Evidence of the intent by government and churches to commit genocide against native people, reflecting a national policy and plan (documents are available):



a. The report of Dr. Peter Bryce, summer 1907, in which a constantly high death rate of between 30%-50% was found in most western residential schools because of a practice by staff of “deliberately infecting children with infectious diseases”. This death rate stayed constant for over 40 years (Globe and Mail, April 24, 2007).

b. Statistical Tables from the federal government reveal a net de-population of native people across Canada between 1904 and 1917 of nearly 25%, and again during the 1920’s. This decline was directly attributable to widespread and untreated tuberculosis.

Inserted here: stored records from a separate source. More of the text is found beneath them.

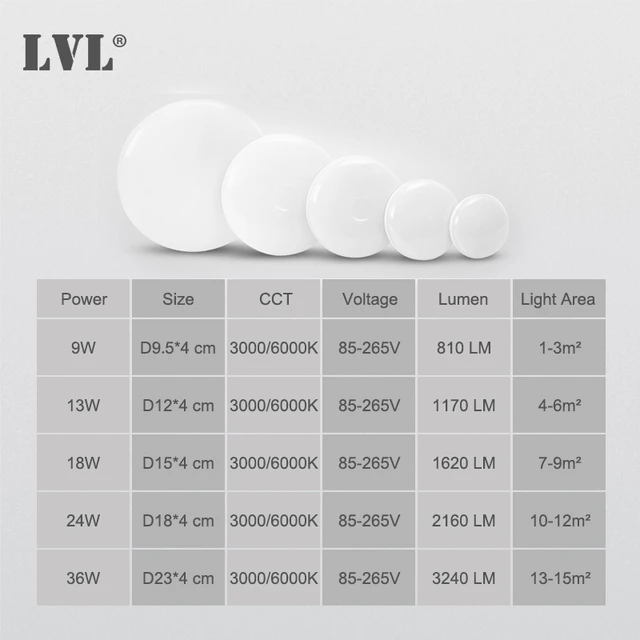Led Light 220v 65x80 | Led Panel Lights 220 Volt | Led Panel Light 220v 18w - Led - Aliexpress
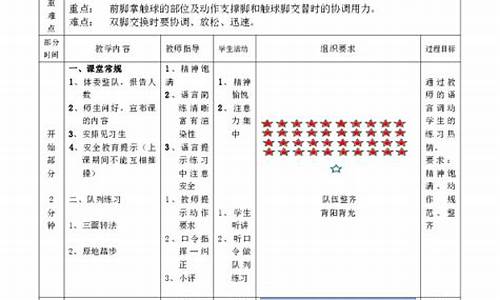 小学足球体育教案全集_小学足球体育教案设计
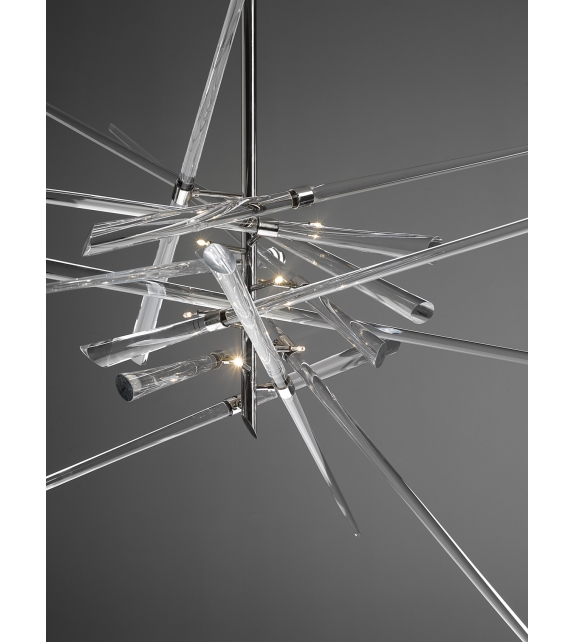 And Why Not Lasvit Pendant Suspension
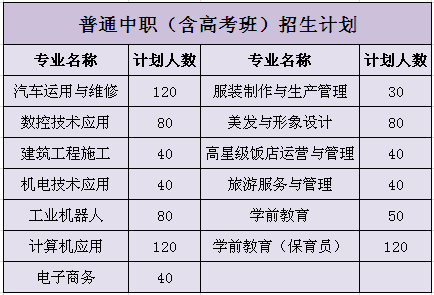 重庆市涪陵区职业教育中心2019年招生简章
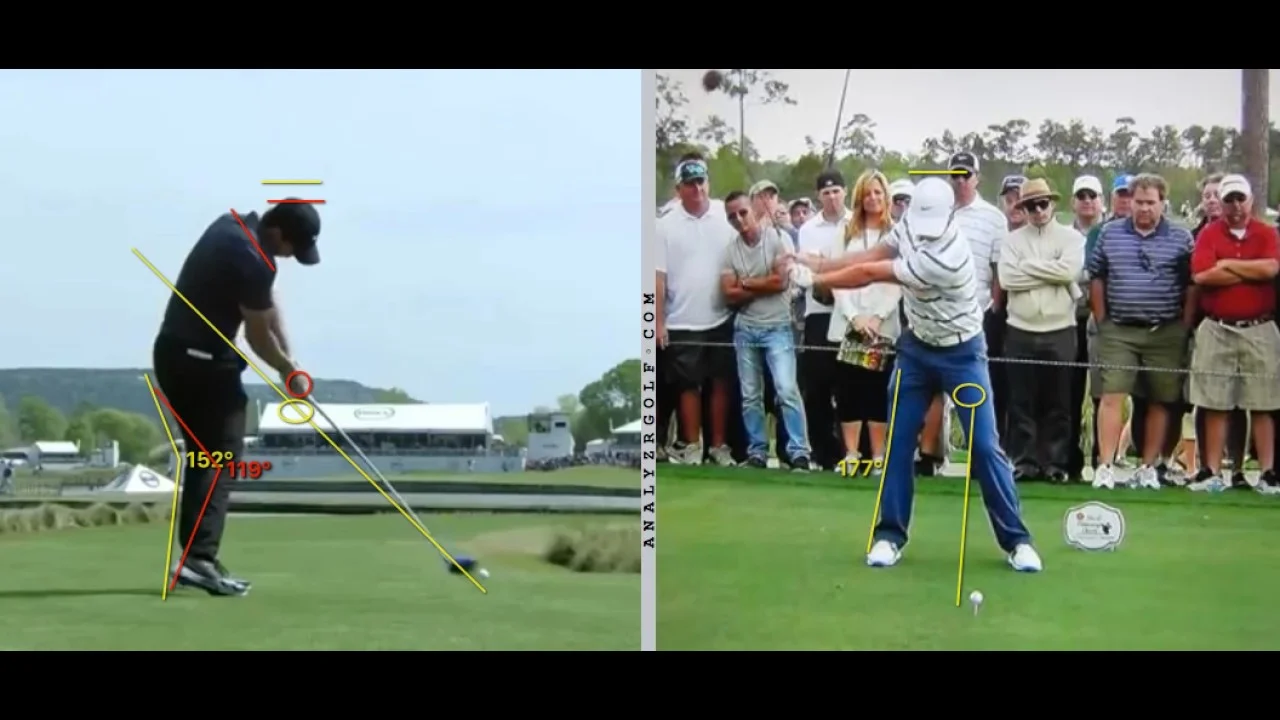 Swing Analysis Ep. 3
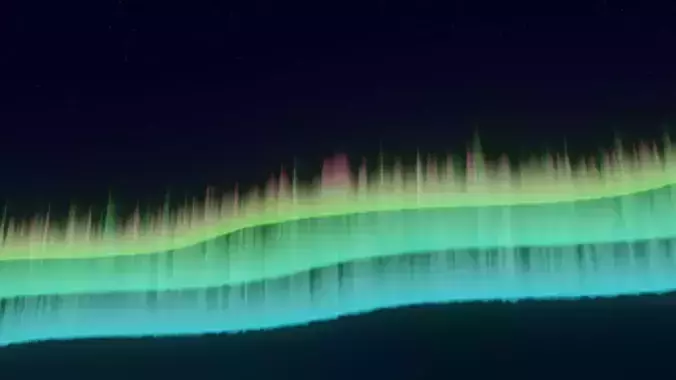 Aurora Material No Volumetrics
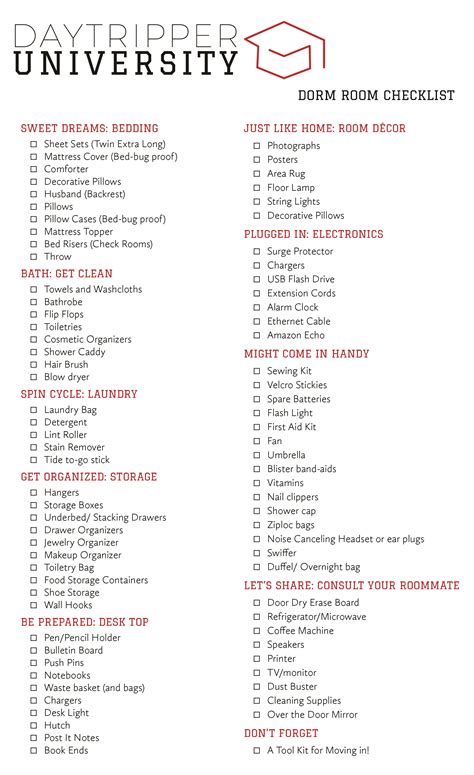 The Ultimate College Packing List For Freshmen Society19 A College Girls Ultimate College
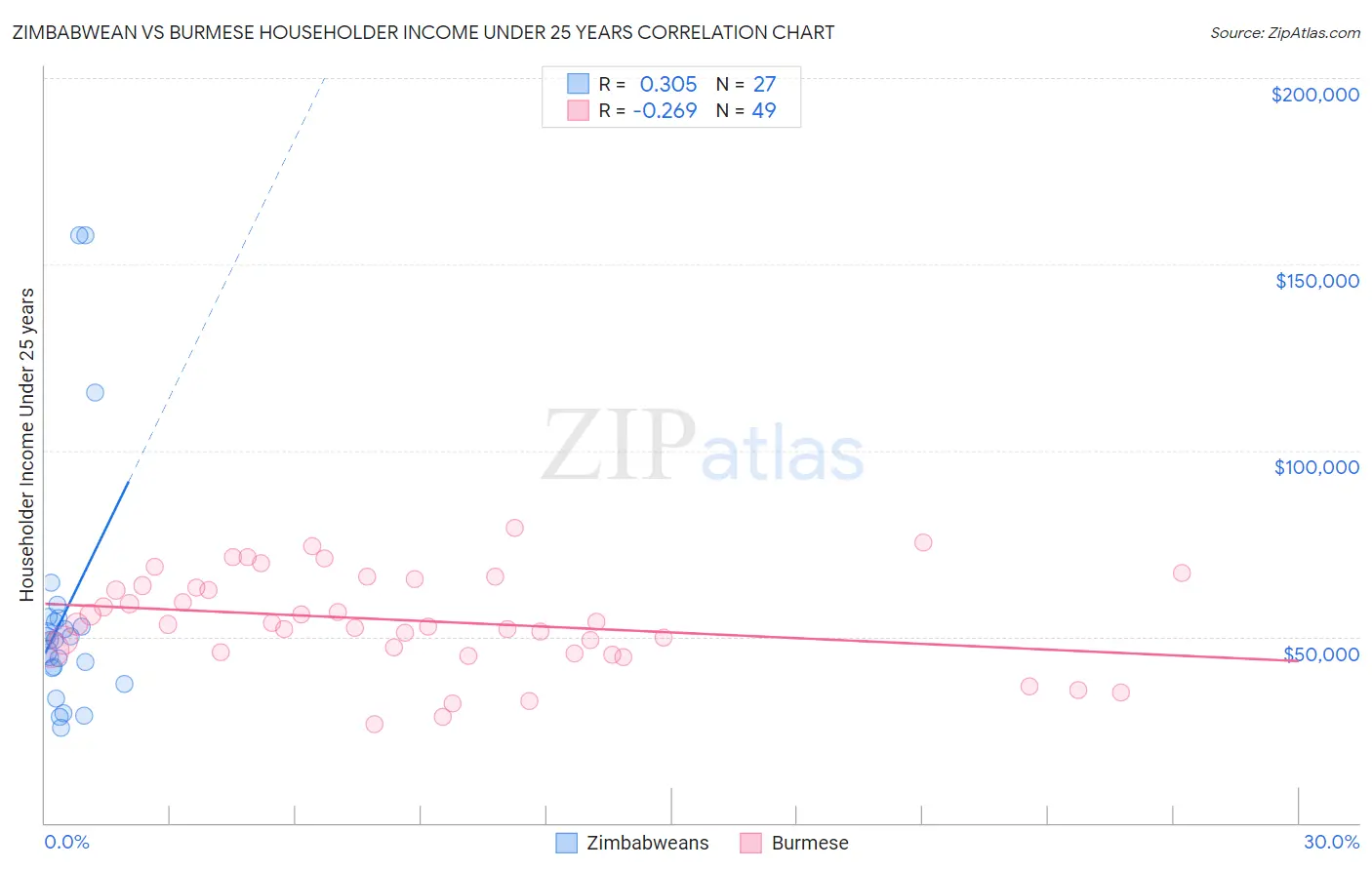 Zimbabwean vs Burmese Householder Income Under 25 years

c. Despite this huge mortality level in the residential schools, the federal government passed a law in 1920 requiring compulsory attendance in these schools by every native child, on pain of imprisonment and fining of their parents.

d. The same year (1919-1920), all medical inspection of these schools was abolished by a federal government order-in-council. Deaths of native students from tuberculosis rose dramatically immediately following this abolition of medical inspection.

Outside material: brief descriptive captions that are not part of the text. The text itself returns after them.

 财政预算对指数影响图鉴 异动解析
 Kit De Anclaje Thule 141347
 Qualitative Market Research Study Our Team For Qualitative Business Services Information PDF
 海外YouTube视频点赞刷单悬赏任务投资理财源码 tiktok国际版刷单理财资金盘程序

e. During the subsequent decade (1920-30), natives were stripped of their legal rights and power to hire a lawyer (1927), formal legal guardianship of native children was transferred from the federal government to residential school Principals, i.e., the churches (1929), and involuntary sterilization laws were implemented by which any native child in these schools could legally be made infertile (1929-1933).

f. One third to one half of residential school students continued to die on average for nearly fifty years (1900-1950), despite repeated studies and warnings to the churches and federal government.

g. The policy of the federal government was not to hospitalize Indians and Inuit people suffering and dying from tuberculosis. (Globe and Mail, May 29, 1953)

h. Numerous accounts exist of native children sick with tuberculosis being admitted en masse into residential schools and deliberately housed with the healthy, causing subsequent deaths. No segregation of sick and healthy was practiced.

i. Native children consistently died at a much higher rate within residential schools than outside them, because of conditions within the schools that "weakened ... their constitution". Despite knowing this, government officials took no action. (Letter of M. McKay to D.C. Scott, April 1910)

j. Native children infected with smallpox and tuberculosis were deliberately sent back to their homes and into native villages by residential school staff and doctors (e.g., Mission Catholic school, 1923).

k. Two distinct standards of health and medical care were practiced by government and church doctors at the residential schools, along clear racial lines. Native children received a consistently lower standard of attention and treatment (e.g., letter of Dr. F. Pitts, Lejac school, 1934).

l. Government officials, including the heads of Indian Affairs, authorized these practices through a policy that legitimated lack of care and widespread deaths on the grounds that “a high death rate from tuberculosis and other diseases is to be expected … among Indian children” (DIA Superintendent D.C. Scott, 1918).

m. Extensive residential school records were deliberately destroyed by federal government “document destruction teams” throughout the 1950’s and ‘60’s across Canada (Ottawa Sun, May, 2007). Government and church officials suppressed evidence of deaths and other crimes in residential schools consistently for nearly a century, and as recently as the 1960’s. (Province, October, 1998)






Source:
Documents from the RG 10 series on Indian Residential Schools, federal Department of Indian Affairs, Ottawa, (Vols. R 7733), reproduced in Hidden from History: The Canadian Holocaust (2005, 2nd ed.) by K. Annett

http://www.hiddenfromhistory.org

granny said...

"Two distinct standards of health and medical care were practiced by government and church doctors at the residential schools, along clear racial lines. Native children received a consistently lower standard of attention and treatment (e.g., letter of Dr. F. Pitts, Lejac school, 1934)."

Dr Dawg ... this may be it. However, I believe there was a foloow-up report as well. It is from the RG-10 series.